Issue: 2016-12-14, PHOTO: Dan Davidson
World Heritage Status Project Assistant Molly Shore presents information on Nov. 25 about the Dawson City/Tr’ondëk Hwëch’in First Nation bid for the Klondike to be awarded UNESCO World Heritage Site status.
In just about two-and-a-half months the nomination dossier for the Tr’ondëk/Klondike World Heritage Site will be sent to Paris, France, to UNESCO’s World Heritage Centre. It will be evaluated by the International Council on Monuments and Sites.
There are two main types of World Heritage Sites. Some focus on the natural qualities of an area, and tend to become parks. Tr’ondëk/Klondike is in a different category, as a cultural site.
A cultural site is chosen to celebrate human ways of life that can be shown via physical landscapes, traditions, stories, buildings, archaeological remains, artistic expressions and more.
Among the human activity being celebrated here is the long, continuing tradition of mining, stretching back to the Bonanza Creek discovery in 1896, and even before that, to the activity at Forty Mile in the 1880s. That this activity continues on to the present day in one of the things that makes the area unique.
Most mining boom town areas are ghost towns after this much time.
Another unique feature of this nomination is that it includes the much longer history of the local indigenous people, the Hän, represented today as the Tr’ondëk Hwëch’in First Nation.
Project Assistant Molly Shore made two presentations late in November, one to the community at large on Nov. 25 and the other to the Tr’ondëk Hwëch’in General Assembly the next day. The General Assembly is recommending that the Tr’ondëk Hwëch’in Chief and Council draft a formal letter of support for the final nomination application.
With the aid of a six minute promotional video Shore described Tr’ondëk/Klondike as “a living, evolving cultural landscape that celebrates the enduring co-existence of the newcomers and the indigenous peoples bound together by the Klondike Gold Rush. The cultural landscape is shaped by activities of the gold rush until the present day, illustrating a relationship between the people and the land.”
Check out the video on the Tr'ondëk Klondike World Heritage Facebook page.
An overview map of the nomination area.
The nomination package has been prepared under the watchful eye of a local advisory committee, including representation from Tr’ondëk Hwëch’in, the City of Dawson, the Yukon Government, the Klondike Placer Miners Association and citizen reps from both Tr’ondëk Hwëch’in and the Dawson community.

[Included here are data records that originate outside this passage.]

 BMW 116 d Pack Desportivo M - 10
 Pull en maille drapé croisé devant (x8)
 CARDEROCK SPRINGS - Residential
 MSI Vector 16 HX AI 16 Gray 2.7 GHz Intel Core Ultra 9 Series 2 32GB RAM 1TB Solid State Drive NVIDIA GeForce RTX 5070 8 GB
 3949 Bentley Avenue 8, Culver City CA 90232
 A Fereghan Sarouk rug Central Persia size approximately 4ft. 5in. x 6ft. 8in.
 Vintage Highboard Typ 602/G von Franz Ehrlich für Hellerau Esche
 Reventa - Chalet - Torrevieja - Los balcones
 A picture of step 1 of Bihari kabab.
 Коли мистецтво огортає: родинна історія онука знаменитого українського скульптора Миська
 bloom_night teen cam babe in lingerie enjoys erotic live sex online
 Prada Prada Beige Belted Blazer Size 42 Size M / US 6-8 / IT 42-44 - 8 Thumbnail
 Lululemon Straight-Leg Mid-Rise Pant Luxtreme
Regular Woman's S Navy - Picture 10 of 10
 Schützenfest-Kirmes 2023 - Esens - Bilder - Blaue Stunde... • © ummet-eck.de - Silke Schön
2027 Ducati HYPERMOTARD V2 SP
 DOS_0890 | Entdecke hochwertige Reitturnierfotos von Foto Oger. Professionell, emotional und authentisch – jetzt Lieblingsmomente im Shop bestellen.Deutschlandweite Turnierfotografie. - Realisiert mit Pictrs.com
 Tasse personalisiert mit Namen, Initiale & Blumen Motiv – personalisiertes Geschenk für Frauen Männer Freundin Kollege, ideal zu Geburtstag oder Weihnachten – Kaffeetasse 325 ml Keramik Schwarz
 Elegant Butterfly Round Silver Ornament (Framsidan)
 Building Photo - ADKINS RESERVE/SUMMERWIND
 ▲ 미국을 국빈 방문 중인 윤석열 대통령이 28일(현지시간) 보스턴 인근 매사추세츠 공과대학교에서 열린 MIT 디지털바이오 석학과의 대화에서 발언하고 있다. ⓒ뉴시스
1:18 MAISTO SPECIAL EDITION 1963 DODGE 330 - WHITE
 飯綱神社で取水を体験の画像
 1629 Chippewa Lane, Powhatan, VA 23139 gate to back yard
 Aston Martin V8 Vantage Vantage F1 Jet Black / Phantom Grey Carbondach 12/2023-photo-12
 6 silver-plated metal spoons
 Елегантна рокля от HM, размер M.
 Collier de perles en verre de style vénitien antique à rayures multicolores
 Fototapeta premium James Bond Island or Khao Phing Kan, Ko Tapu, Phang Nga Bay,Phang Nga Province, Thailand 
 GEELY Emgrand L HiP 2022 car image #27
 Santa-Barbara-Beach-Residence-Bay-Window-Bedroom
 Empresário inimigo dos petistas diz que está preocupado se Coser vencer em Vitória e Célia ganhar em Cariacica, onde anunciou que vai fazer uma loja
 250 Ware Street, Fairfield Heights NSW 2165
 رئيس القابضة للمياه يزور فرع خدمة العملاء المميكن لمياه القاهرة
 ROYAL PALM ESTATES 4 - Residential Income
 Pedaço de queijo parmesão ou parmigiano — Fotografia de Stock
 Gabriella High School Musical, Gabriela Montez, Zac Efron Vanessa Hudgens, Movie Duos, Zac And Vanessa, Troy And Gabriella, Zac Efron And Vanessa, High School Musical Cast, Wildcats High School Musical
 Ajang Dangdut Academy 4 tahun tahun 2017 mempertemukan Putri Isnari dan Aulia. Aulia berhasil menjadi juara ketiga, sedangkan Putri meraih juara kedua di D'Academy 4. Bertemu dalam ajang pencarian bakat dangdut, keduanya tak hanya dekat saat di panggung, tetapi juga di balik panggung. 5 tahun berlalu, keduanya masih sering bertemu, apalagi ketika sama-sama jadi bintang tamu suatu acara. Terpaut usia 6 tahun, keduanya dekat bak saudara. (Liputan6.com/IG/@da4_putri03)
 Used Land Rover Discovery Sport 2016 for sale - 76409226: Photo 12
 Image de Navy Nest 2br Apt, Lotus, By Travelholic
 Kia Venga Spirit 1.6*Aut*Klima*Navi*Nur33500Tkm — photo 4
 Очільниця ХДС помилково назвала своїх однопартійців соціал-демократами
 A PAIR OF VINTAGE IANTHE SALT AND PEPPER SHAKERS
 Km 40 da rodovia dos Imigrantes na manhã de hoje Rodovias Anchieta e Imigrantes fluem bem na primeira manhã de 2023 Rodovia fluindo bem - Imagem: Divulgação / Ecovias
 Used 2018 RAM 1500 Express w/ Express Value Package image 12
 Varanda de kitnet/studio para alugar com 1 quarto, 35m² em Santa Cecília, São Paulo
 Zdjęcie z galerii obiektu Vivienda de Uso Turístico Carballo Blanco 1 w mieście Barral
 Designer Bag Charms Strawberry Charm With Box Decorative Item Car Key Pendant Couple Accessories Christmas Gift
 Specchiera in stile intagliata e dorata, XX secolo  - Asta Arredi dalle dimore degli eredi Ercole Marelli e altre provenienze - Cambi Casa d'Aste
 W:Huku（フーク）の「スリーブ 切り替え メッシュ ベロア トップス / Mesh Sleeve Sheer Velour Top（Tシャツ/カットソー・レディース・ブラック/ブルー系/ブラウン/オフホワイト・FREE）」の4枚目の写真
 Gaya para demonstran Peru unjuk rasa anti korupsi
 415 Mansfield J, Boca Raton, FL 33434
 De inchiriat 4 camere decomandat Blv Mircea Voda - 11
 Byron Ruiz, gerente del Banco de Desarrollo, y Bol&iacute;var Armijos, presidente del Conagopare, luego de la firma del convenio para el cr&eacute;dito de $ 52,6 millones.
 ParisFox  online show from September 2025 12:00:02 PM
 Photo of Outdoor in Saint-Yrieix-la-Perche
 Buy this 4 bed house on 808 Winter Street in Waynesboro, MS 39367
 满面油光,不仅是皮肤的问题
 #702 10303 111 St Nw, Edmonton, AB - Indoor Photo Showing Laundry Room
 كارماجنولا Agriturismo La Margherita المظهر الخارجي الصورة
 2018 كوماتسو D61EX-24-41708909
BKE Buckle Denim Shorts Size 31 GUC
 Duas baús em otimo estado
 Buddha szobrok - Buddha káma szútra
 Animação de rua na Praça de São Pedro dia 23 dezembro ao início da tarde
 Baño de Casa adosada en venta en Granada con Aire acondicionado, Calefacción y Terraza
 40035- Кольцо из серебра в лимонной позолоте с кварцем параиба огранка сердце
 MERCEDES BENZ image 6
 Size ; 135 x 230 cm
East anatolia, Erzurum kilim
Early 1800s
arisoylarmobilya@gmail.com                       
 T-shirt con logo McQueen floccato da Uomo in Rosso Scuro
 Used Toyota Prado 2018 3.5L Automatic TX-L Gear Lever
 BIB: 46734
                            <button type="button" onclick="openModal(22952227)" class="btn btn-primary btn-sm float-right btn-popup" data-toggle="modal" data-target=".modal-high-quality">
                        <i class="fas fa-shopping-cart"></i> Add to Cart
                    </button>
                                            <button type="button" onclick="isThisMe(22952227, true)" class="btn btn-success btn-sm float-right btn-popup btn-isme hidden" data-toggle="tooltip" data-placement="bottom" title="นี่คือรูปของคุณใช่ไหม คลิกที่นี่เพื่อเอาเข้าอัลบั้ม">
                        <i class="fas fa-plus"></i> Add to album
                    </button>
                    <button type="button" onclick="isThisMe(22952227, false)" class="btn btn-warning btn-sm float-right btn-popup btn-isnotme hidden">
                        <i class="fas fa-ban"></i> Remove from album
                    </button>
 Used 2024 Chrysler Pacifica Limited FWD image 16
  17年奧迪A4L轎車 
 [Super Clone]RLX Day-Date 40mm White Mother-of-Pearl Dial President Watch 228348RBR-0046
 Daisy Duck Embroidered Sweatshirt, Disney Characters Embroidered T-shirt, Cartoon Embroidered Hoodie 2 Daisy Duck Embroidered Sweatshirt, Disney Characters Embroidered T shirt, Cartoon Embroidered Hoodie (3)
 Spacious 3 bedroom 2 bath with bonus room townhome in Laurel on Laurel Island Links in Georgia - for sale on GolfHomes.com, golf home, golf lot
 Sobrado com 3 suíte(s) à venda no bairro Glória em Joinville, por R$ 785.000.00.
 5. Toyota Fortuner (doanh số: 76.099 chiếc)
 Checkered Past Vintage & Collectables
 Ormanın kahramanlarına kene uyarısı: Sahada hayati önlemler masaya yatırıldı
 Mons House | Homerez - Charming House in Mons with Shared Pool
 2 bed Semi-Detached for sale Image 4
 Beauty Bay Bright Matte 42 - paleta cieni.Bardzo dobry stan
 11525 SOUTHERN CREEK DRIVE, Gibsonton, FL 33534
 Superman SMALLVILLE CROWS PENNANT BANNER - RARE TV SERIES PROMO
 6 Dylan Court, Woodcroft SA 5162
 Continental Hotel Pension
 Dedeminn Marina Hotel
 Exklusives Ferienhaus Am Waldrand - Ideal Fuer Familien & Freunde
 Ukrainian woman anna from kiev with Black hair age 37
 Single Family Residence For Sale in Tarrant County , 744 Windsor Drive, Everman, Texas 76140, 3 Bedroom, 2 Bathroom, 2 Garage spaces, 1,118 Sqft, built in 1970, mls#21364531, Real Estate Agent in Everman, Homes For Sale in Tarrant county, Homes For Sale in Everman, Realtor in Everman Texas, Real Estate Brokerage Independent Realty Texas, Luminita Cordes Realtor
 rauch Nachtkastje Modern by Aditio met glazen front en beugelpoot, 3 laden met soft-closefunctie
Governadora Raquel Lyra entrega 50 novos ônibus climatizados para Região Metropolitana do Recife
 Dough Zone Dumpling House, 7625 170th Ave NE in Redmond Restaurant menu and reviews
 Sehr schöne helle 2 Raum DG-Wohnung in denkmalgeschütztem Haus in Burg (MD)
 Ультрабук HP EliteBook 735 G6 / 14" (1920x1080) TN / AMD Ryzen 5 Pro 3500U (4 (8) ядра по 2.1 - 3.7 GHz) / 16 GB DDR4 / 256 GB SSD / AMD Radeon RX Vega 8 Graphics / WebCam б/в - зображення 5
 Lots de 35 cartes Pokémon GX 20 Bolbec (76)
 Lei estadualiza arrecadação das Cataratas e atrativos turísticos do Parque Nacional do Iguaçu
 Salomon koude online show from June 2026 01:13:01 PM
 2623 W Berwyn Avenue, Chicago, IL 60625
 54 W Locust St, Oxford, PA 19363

There is also a project management team, and much of the actual work has been sub-contracted to a number of agencies and organizations. The team is in regular communication with Parks Canada representatives in Ottawa, who have vetted the package at each step of the way.
This project has been a subject of speculation since the 1970s, and became a public objective at the urging of the late Pierre Berton in 1997. By 2004, it had been placed on Canada’s tentative short list, and several versions of a proposal were worked up prior to 2010, when the present project began to take shape under the leadership of the Tr’ondëk Hwëch’in, who had identified it as being important to their regional economic development objectives.
The present advisory committee was convened in 2013 and work began towards developing the first draft of a Statement of Universal Values and identifying places that illustrate these values.
After the submission of the package in February, the region can look forward to a summertime visit by representatives of International Council on Monuments and Sites to make an onsite inspection.
If all goes well, the committee expects to receive World Heritage designation in July 2018.